A few months back my wife showed a picture of herself to our 3-year-old daughter. In the picture my wife is about 7 years old. “Do you know who this is?”
Daughter: (gasps) “That’s me when I’m bigger!”

I love that she thought this was actually possible.

2. The simple logic of children.

My son when he was 6: “Dad, can we get a cat?” Me: “Your Mom is allergic to cats, so no.” My Son: “When Mom dies can we get a cat?” Me: “Sure.”

3. Sometimes, you have to set your mom straight.

This morning, my wife told my 3-year-old daughter that owls were nocturnal. My daughter responded, “Yes, owls are not turtles.”

4. A boy who is wise beyond his years.

My 4-year-old is currently singing a song he made up himself. He only has a chorus that goes “You can’t soooooolve Mississippi’s problems.”

5. Filter-less children.

Son and I are playing catch. I have a terrible throw that sails over his head. I say, “Sorry, that was a bad throw.” He stops, gives me a kind look and says, “No daddy, that was a wonderful throw.” Then takes 2 steps towards getting the ball. He stops again, turns back around and says, “When we say something nice, even when we don’t mean it at all, that’s called being polite, right?”
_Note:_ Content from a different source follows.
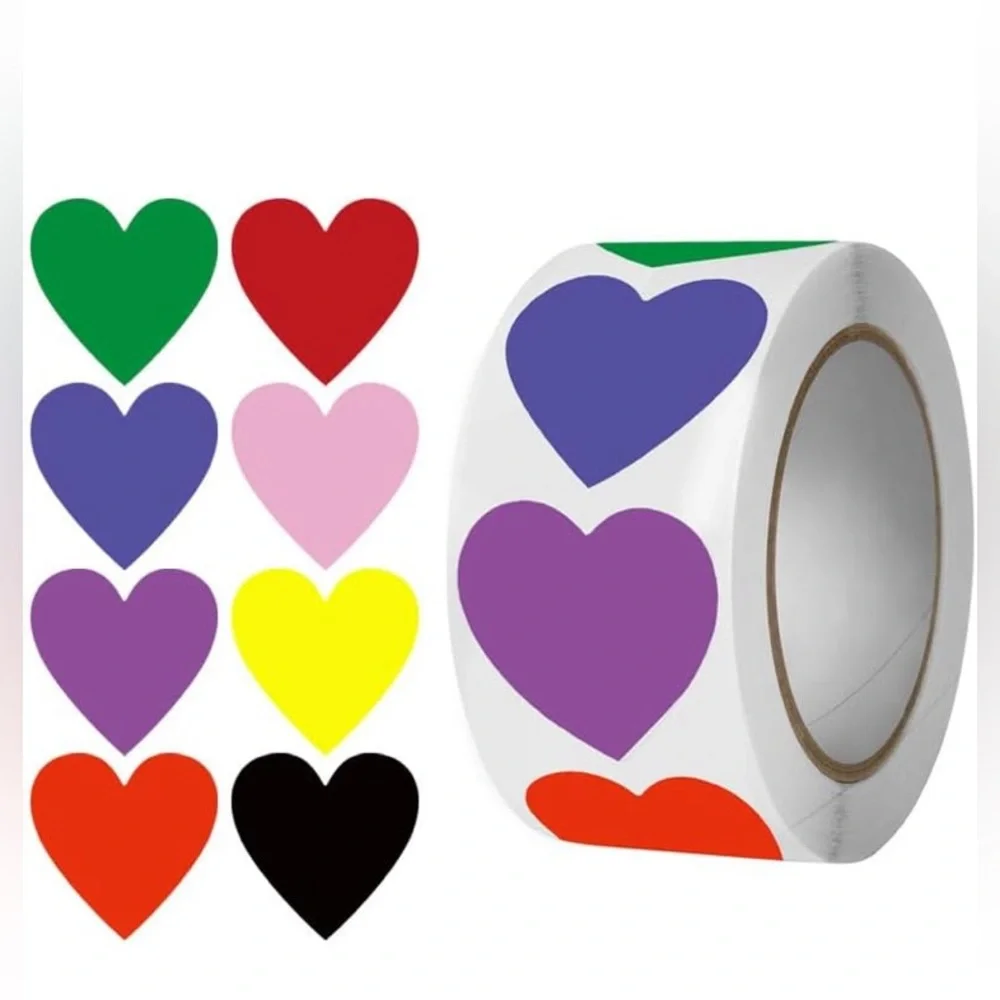 500 1 inch Colorful Heart Stickers Roll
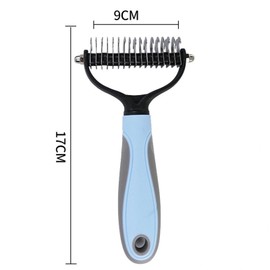 Dematting Comb for Dog & Cat – Pet Deshedding Tool for Removing Loose Undercoat, Knots, Mats – Dog Brush for Grooming – Dual Sided Undercoat Rake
6. Any time a kid says “penis” it’s funny.

My four-year-old son was in the bathroom with the door closed.

I knocked and said, “What’s going on in there?”
His reply: “Nothing, it’s just me and my penis.”

7. A boy who simply loves nipples.

I was putting my son to bed when he was about 5, and after the bedtime story, right when I was tucking him in and turning out the light, he said “Nipples. I love ’em. What about you?” with this totally serious expression. It took major effort to remain composed and try to make it look like I was taking his question seriously.

8. A smart-ass little girl.

My little sister was at the doctor’s office for her annual check up–she had to be somewhere around 3. The nurse was asking all the standard coordination type questions–touch your nose, put your hands up, jump, etc. Being a healthy capable little devil, she’s doing everything fine. Then, the nurse says, “stand on one foot.” My little sister looks at the nurse, looks down, and hesitates. Then she walks over and stands on one of the nurse’s feet.

9. Why are kids so clever?

My cousin’s daughter’s response to “I love you,” was “I love me too” for the longest time.

10. A truly frightening mispronunciation.

While waiting in line to get her picture taken with Santa I was giving my 2-year-old daughter pieces of popcorn one at a time as a snack. I must have been a little slow with my delivery and she shouted “MORE COCKPORN DADDY” at the top of her lungs. It was awesome.

11. A boy on salad.

I was on the phone with my wife discussing dinner plans and my 7-year-old informed us that “salad is ruining my life.”

12. When kids take things too literally.

I try to make it a point to take about 10 min at the end of each evening to help my daughter straighten up her room.

After a particularly rough day, I sat down on the floor of her room to help her sort thru her dolls and I had muttered “I really don’t have the juice for this tonight…”

My daughter left the room and returned a few minutes later with a cup of apple juice for me.

13. Overheard: children talking in a first grade classroom.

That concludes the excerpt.